The snub might have ended any other career, but not Welles’. Although he did suffer under scrutiny from the studio system as an independent film maker from the tarnishing of his reputation, as an actor, Welles was very much in demand.

20th Century-Fox exploited Welles as the embittered Rochester in their production of Jane Eyre (1942) which Welles also directed, though he received no public credit for his efforts behind the camera. Welles also appeared to reasonably good effect, alongside his Mercury Theater troupe in a thriller he produced, Journey Into Fear (1943). He co-wrote the film with Joseph Cotten. Although Welles would emphatically deny that he co-directed the film, certain sequences bear his ambitious hallmark for expressionism. A modest hit, Welles eventually dismissed Journey Into Fear as merely a passable venture.

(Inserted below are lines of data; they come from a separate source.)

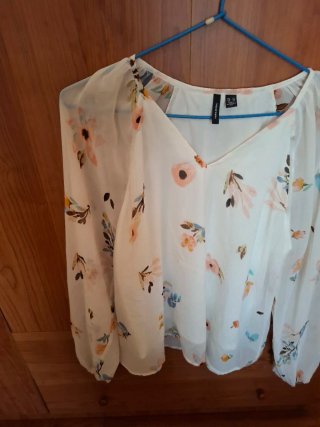 Blusa VERO MODA floral blanca Talla S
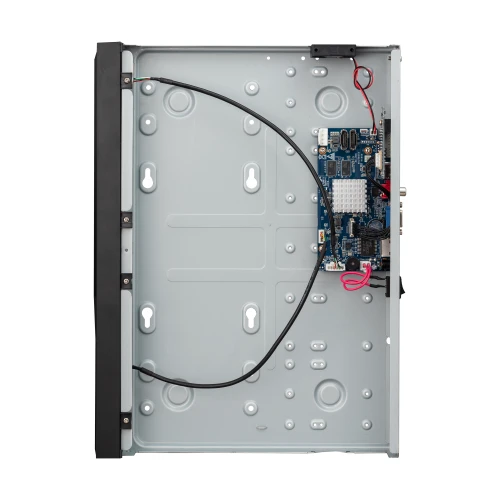 Zdjęcie przedstawia wnętrze rejestratora BCS z widoczną płytą główną i okablowaniem. Obudowa jest otwarta, ukazując szczegóły konstrukcji i rozmieszczenie komponentów elektronicznych.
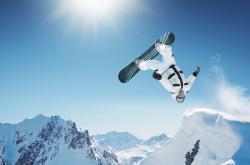 开云体育登录-冰与火之歌，阿尔瓦雷斯在欧冠之夜改写超级巨星的定义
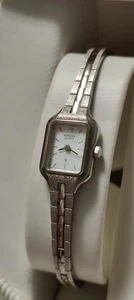 Reloj de vestir analógico de cuarzo tono plateado de acero inoxidable para mujer Citizen EH3850-53A - Imagen 1 de 15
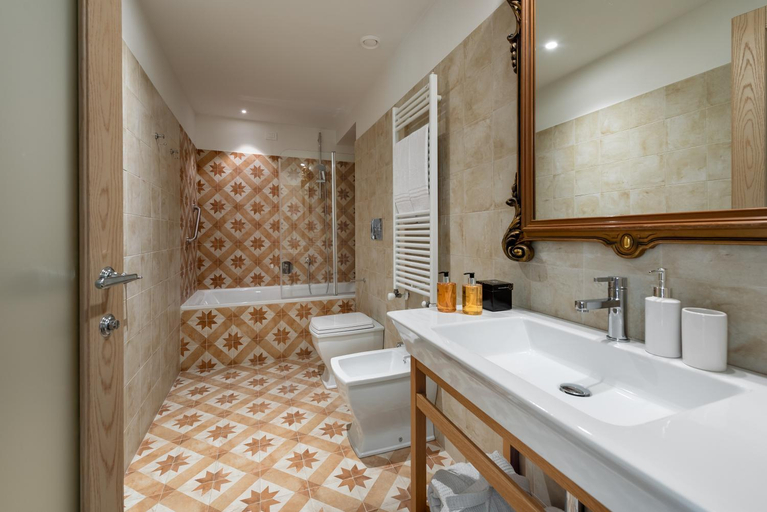 Bathroom 4, Corte Realdi Luxury Rooms Torino, Torino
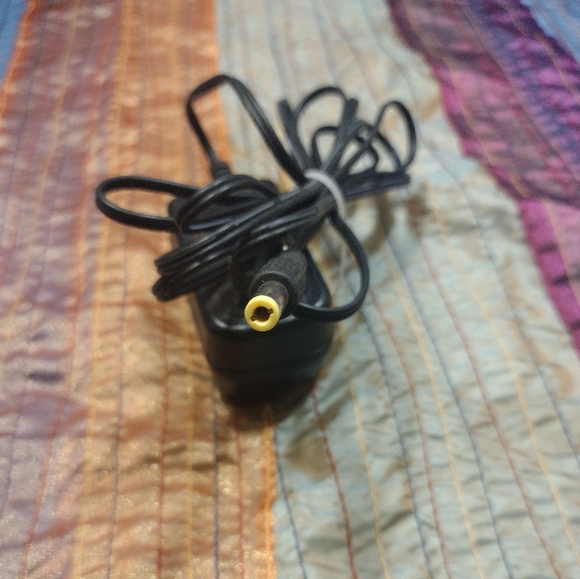 RCA. AC Adapter class 2 power supply ( Model KU1B-120-0100D ) output 12V - Picture 3 of 4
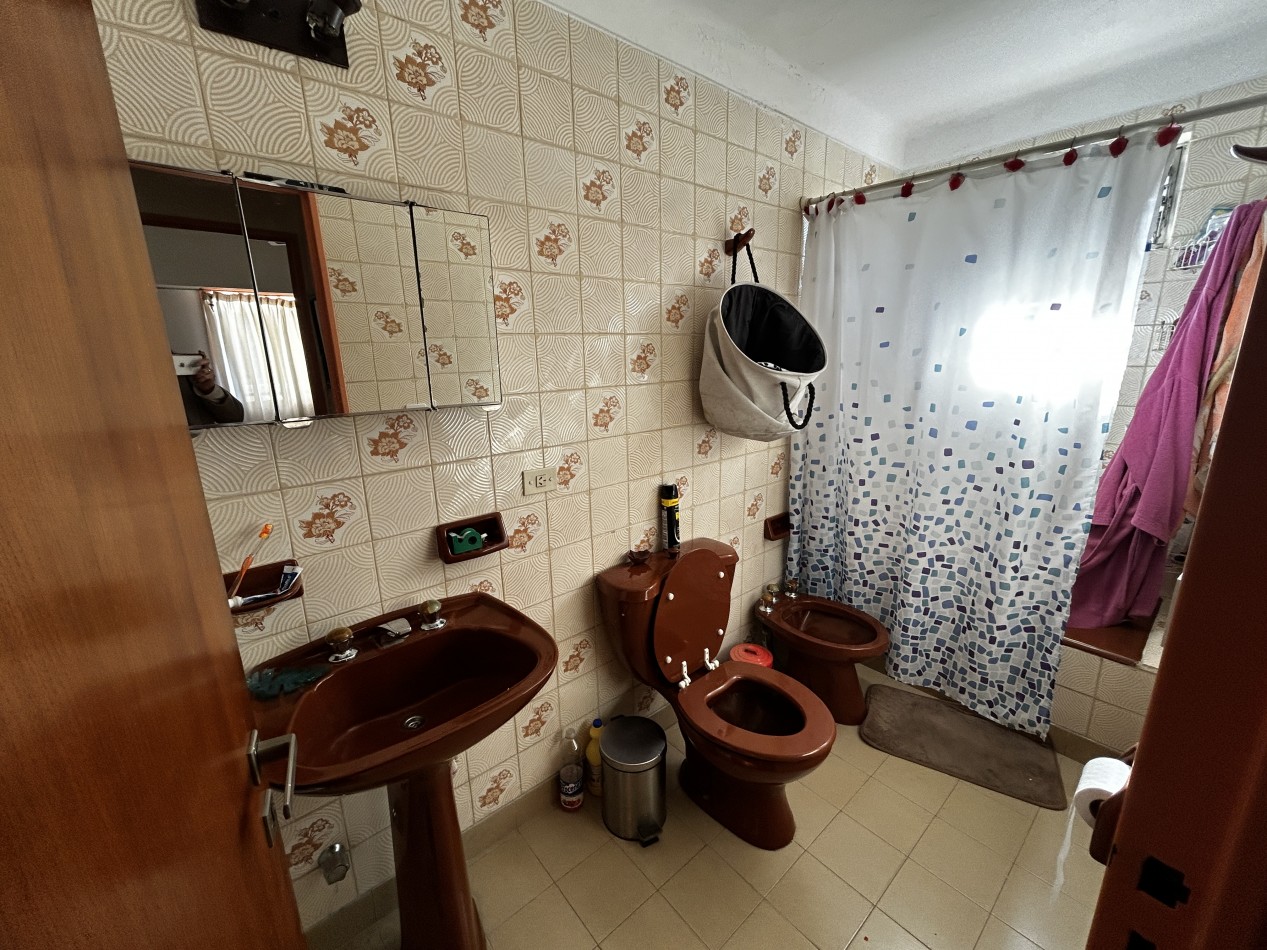 Vendemos  excelente departamento de 1 dormitorio sin balcon, cocina-comedor y living. Ubicado en Sarandi 740, piso 7, entre Chile e Independencia, en el vibrante barrio de Monserrat.  A pocos metros de Puerto Madero. 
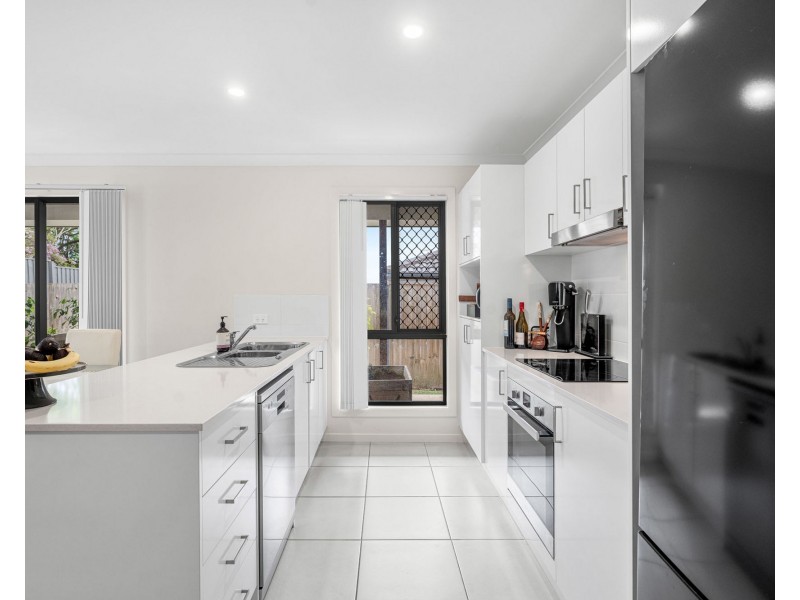 7 Endeavour Close, Hemmant QLD 4174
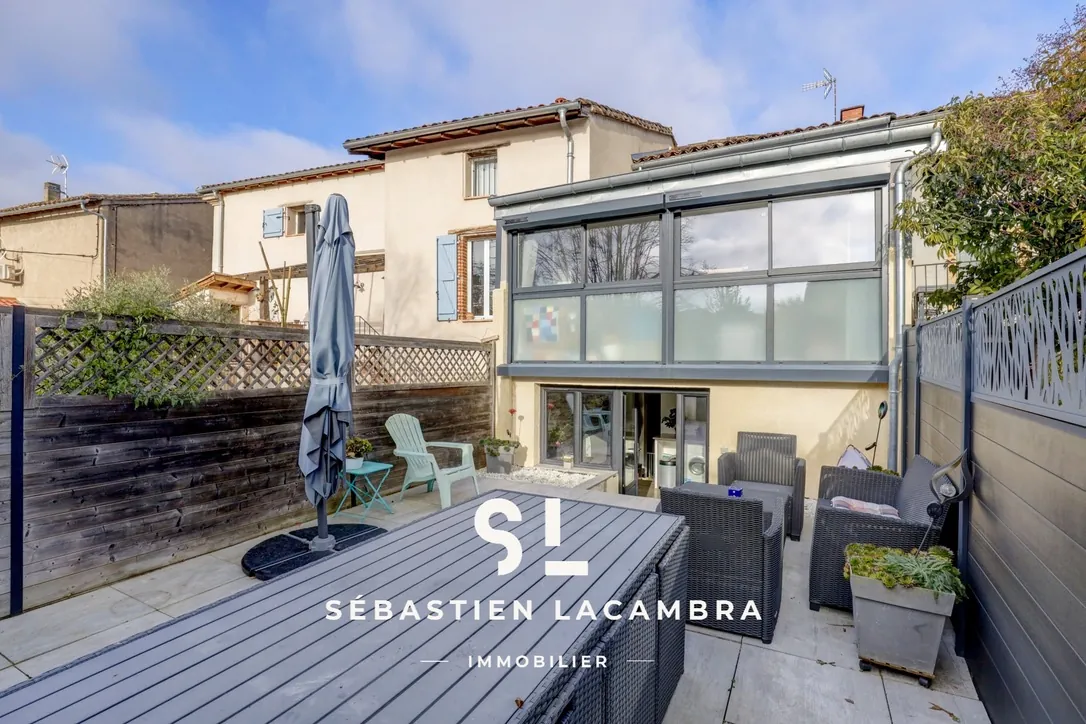 Maison de ville rénovée de 109 m² avec terrasse à Gaillac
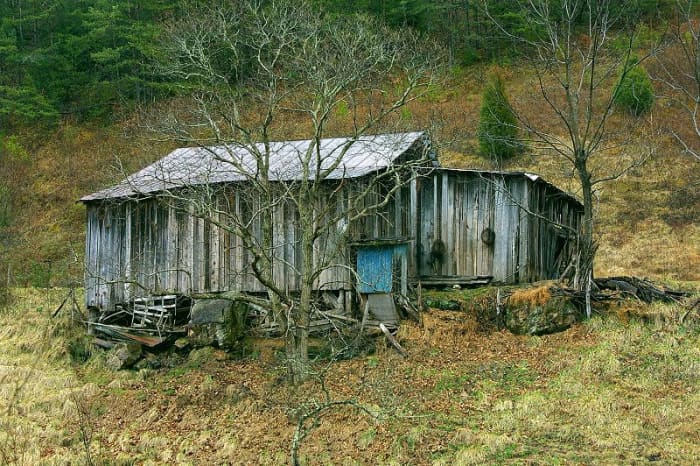 Our shack was very similar to this shack in Pigeon Forge, TN. Very similar.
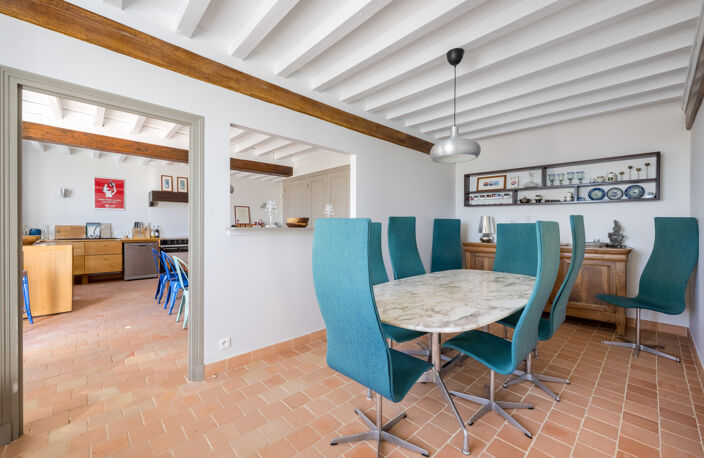 BEAUJOLAIS DES CRUS, PROPRIETE EN PIERRES, 6 CHAMBRES, GITE, PARCELLE DE VIGNES — photo 4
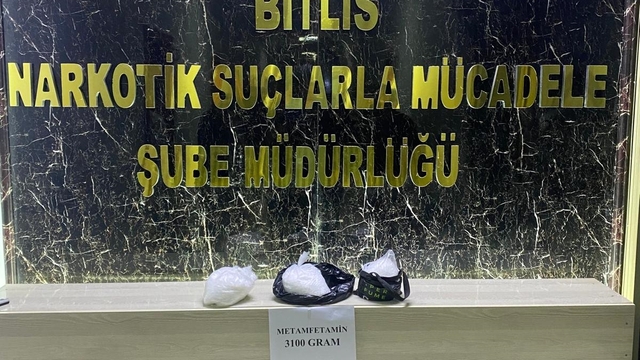 Bitlis'te 3 kilo 100 gram metamfetamin ele geçirildi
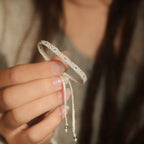 Bracelet fin en apatite bleue, micro macramé minimaliste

If Welles professional career was mired at various levels of mediocrity, his personal life appeared to be on the upswing. He became smitten with resident Columbia Studios love goddess, Rita Hayworth. Admiring her beauty, Welles ambitiously courted Hayworth under the watchful eye of Columbia studio chief, Harry Cohn, who broached the union with minimal trepidation in the hopes that it would fast fizzle. Instead, Welles and Hayworth married on September 7, 1943.

MGM offered Welles an opportunity to direct and costar as the spurious man of mystery in The Stranger(1946), typecasting that would stick with similar parts in Tomorrow Is Forever (1946) and later, Carol Reed’s The Third Man (1949). Determined to deliver a commercially viable film on time and under budget, The Stranger proved to be Welles’ only profitable project. Yet, it is an artistically unsatisfying addition to his film cannon and lacks his inimitable savvy for inventive staging, mood and setting.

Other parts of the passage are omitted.